EECS 311: Trees

Terminology

There's a lot of terminology associated with trees. You should be familiar with the following basic terms:

tree
node
link
root or root node
leaf or leaf node
internal node
height vs. depth
level (level 0 is the root)
child nodes of a parent node
sibling nodes
edge or branch
ancestors and descendants
subtree (a very important concept!), e.g., left and right subtrees
path from leaf to root
traversals: preorder, postorder, and inorder
balanced trees

There are also many kinds of trees, including:

n-ary trees (at most n branches from a node, at most n children)
binary trees (at most 2 branches or children)
heaps
binary search trees or ordered trees
parse trees (expression trees)

Implementing Binary Trees

Linear or Array Representation

This method is easy to understand and implement. It's very useful for certain kinds of tree applications, such as heaps, and fairly useless for others. It's typically used on dense binary trees.

The idea is simple:

take a complete binary tree and number its nodes from top to bottom, left to right.
The root is 0, the left child 1, the right child 2, the left child of the left child 3, etc.
Put the data for node I of this tree in the Ith element of an Array.
If you have a partial (incomplete) binary tree, and node I is absent, put some value that represents "no data" in the Ith position of the array.
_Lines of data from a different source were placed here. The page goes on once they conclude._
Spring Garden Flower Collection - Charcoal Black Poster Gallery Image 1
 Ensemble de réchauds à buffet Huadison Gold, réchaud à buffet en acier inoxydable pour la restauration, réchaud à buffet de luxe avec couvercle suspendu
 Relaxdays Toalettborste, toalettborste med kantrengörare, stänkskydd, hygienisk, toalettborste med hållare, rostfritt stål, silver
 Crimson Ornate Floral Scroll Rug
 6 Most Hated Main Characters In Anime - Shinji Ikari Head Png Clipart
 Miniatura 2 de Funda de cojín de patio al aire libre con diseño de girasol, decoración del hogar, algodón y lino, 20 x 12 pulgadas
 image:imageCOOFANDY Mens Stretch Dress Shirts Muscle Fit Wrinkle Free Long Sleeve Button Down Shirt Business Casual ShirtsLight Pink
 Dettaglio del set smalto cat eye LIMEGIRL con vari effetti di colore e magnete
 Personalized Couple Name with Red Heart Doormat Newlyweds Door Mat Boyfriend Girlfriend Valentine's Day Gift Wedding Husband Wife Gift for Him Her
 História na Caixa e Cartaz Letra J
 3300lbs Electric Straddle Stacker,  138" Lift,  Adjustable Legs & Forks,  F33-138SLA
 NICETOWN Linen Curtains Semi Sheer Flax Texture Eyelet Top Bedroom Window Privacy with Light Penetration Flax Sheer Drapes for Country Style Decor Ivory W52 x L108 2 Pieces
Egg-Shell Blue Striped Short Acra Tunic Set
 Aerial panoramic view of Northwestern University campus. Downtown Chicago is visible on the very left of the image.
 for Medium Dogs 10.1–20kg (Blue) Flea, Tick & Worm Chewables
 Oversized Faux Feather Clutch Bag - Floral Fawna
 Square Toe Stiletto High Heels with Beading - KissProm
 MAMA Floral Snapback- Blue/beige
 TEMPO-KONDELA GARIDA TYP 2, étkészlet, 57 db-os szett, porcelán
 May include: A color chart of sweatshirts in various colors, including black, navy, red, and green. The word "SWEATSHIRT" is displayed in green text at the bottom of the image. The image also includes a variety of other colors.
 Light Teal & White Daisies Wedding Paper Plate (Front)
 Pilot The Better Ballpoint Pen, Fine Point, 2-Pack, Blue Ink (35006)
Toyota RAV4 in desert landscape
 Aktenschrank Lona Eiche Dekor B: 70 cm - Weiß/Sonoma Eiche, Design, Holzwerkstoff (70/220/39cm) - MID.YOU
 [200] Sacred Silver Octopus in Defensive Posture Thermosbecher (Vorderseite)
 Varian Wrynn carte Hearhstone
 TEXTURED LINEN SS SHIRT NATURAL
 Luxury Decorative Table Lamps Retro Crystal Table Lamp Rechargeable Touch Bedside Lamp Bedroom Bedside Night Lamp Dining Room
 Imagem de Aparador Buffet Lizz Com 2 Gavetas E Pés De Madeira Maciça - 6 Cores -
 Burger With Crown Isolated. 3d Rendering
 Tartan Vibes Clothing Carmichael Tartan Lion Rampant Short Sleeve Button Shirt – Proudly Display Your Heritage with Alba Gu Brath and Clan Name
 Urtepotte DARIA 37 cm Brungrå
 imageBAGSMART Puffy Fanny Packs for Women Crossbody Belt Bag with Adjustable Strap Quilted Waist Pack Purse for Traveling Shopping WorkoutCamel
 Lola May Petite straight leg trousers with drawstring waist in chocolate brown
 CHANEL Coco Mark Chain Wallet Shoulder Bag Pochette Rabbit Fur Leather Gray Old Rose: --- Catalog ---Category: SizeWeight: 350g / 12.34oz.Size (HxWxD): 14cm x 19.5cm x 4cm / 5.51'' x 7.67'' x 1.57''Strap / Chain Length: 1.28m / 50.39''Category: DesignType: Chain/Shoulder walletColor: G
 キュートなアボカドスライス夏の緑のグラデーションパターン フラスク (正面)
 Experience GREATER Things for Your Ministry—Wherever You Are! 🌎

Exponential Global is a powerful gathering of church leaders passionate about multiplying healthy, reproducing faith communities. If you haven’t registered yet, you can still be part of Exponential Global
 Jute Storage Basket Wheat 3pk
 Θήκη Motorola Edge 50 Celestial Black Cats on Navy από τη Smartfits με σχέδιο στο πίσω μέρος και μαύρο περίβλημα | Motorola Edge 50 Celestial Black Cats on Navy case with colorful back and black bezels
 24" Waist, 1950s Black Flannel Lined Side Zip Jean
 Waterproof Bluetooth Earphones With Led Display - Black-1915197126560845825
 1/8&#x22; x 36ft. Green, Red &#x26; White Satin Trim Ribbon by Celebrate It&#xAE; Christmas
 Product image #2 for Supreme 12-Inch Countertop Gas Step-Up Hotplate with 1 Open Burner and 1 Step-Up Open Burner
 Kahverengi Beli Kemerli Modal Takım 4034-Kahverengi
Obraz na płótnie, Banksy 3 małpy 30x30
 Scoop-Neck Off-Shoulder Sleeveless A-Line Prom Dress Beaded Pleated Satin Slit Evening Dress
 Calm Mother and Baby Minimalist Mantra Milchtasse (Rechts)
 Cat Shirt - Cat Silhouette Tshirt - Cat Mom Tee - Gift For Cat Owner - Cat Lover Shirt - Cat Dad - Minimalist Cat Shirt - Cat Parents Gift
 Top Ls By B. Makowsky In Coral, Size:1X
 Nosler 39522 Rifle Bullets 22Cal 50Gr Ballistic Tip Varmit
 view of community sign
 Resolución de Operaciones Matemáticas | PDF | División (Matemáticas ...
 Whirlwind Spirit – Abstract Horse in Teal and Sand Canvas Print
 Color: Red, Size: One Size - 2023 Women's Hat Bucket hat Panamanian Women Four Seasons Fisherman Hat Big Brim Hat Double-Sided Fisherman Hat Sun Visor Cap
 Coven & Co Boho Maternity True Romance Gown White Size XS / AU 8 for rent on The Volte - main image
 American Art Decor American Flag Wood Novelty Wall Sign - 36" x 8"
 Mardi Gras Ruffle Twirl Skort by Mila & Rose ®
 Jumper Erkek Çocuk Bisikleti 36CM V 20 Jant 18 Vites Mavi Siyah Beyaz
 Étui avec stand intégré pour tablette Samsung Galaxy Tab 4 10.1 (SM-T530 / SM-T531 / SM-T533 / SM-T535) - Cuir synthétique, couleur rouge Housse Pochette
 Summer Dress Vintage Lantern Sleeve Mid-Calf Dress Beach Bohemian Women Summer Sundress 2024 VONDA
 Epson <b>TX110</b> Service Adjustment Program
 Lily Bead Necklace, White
Three simple formulae allow you to go from the index of the parent to the index of its children and vice versa:

if index(parent) = N, index(left child) = 2*N+1
if index(parent) = N, index(right child) = 2*N+2
if index(child) = N, index(parent) = (N-1)/2 (integer division with truncation)

The advantage of the linear representation is this easy traversal up and down, and efficient use of space if the tree is complete. The disadvantage is inefficient use of space if the tree is sparse.

Linked Representation

Again, the idea is simple. A node in the tree has

a data field
a left child field with a pointer to another tree node
a right child field with a pointer to another tree node
optionally, a parent field with a pointer to the parent node

The most important thing to remember about the linked representation is this:

A tree is represented by the pointer to the root node, not a node.

The empty tree is simply the NULL pointer, not an empty node.

Traversal and Recursion

Traversing a binary tree in any of the three orders, even in a linked representation without parent links, is trivial with recursion.

For example, here's the pseudo-code for inorder traversal:

inorderTraversal(bt, fn):
 
if (bt != NULL)
  inorderTraversal(bt->leftChild)
  fn(bt->info)
  inorderTraversal(bt->rightChild)

Here,

bt is a binary tree, i.e., a pointer to a binary tree node
fn is a function that operates on the kind of data stored in the tree
bt->leftChild, bt->rightChild, and bt->info access the left child pointer, right child pointer, and data field, respectively

It should be obvious how to code the other two traversals.

Binary Search Trees

Binary search trees have the property that

all data in the left subtree of every node are less than the data in the node
all data in the right subtree of every node are greater than the data in the node

What's the Point?

Consider the combinatorial complexity of the data structures we've seen so far. We give best and worse case Big O values:

	Add data	Retrieve data

Array (unordered)	constant (just add to end)	O(N) (linear search)
Array (ordered)	O(log₂N) compares, O(N) data transfers (shift data)	O(log₂N) (binary search)
Linked list (unordered)	constant (assuming end pointer)	O(N) (linear search)
Linked list (ordered)	O(log₂N) compares, constant data transfers (change a few pointers), O(N) nodes visited sequentially	O(log₂N) (binary search), visit O(N) nodes
Binary search tree (best case)	O(log₂N) compares, constant data transfers, O(log₂N) nodes visited	O(log₂N)
Binary search tree (worst case)	O(N) compares, constant data transfers, O(N) nodes visited	O(N)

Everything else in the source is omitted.